IRRIGATORS in the Peel Valley have been given access to more water from the Chaffey Dam catchment, after the state government increased their allocation this month.
General security license holders along the Peel River - mostly irrigators - got their first water allocation in more than a year in January. Now, more of the precious resource has been set aside for farmers, in a statement released on Tuesday.
The valley's irrigators went from having zero river access for more than a year-and-a-half, to 16 per cent of their allocation in January, and now have climbed to 20 per cent of their allocation.
The NSW Department of Planning, Industry and Environment (DPIE) has started assessing how much water is floating around in the valley - in tributaries, Chaffey Dam, and the river - on a monthly basis, after a year of wet weather.

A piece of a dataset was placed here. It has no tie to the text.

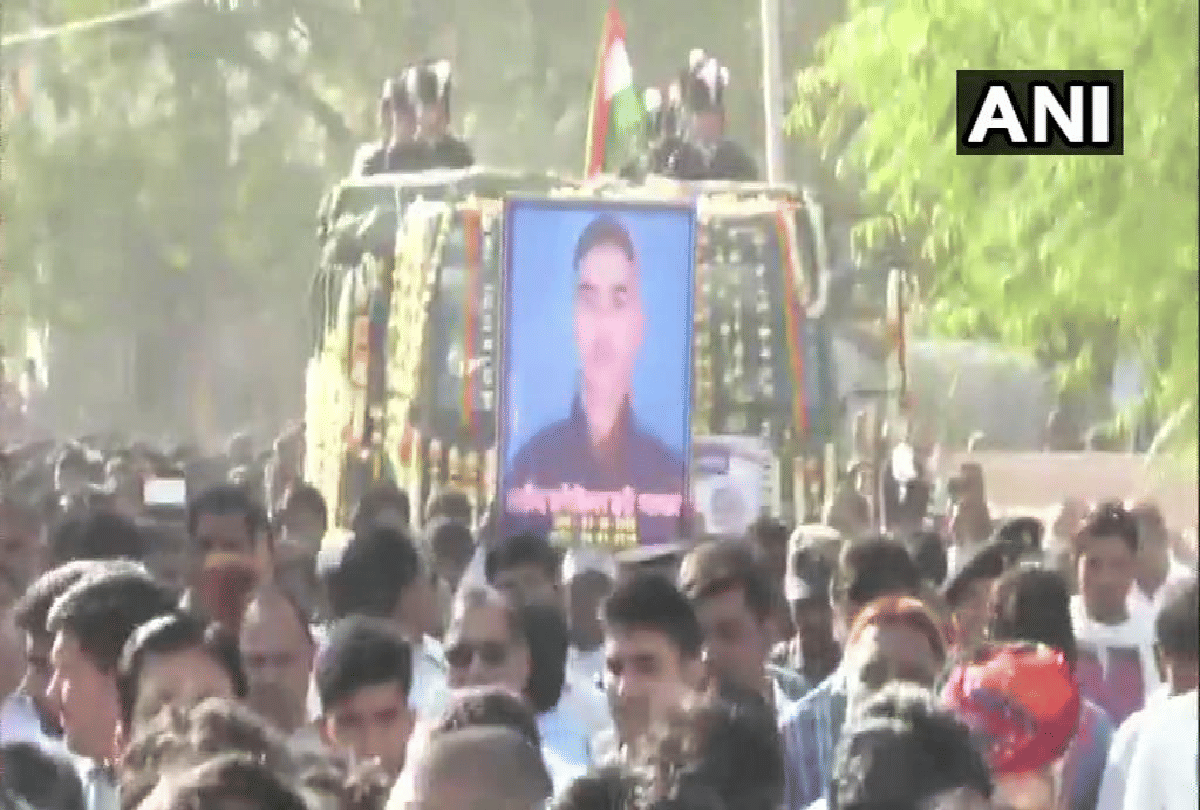 Army jawan Hari Bhakar, who lost his life in ceasefire , brought to his village in Makrana, Nagaur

The most recent resource assessment by the DPIE takes into account how much rain was dumped on the catchment and how much water flowed into Chaffey Dam during the month of January.
In February's statement, the allocation was upped for irrigators, which forced the environmental allowance to increase, and also boosted the allocation for general security aquifers - or wells - to 60.8 per cent.
Tamworth's town water supply had already been shored up for the next 24 months, based on minimum predicted water flows.
The resource had also been secured for other priority needs - like stock and domestic - for the next two years.
When irrigators "order" water on demand from Chaffey Dam, it doesn't accurately reflect how much water the supply might be losing to general security holders, a DPIE spokesperson told the Leader last week.
The spokesperson said water that can come from the unregulated sources, like tributaries flowing downstream of the dam, was a "better outcome" than having to release it from Chaffey Dam.
The next statement is set to be handed down on March 9, though it could be earlier if there is a significant change in the weather before that date.
There is room for general security allocations to increase again if the wet weather continues to boost Chaffey Dam and keeps water in the catchment flowing.
The allocation statement for the Namoi Valley this month confirms "critical requirements" for Manilla and Barraba are secure for the next 24 months - and beyond - based on the water expected to flow into Split Rock Dam.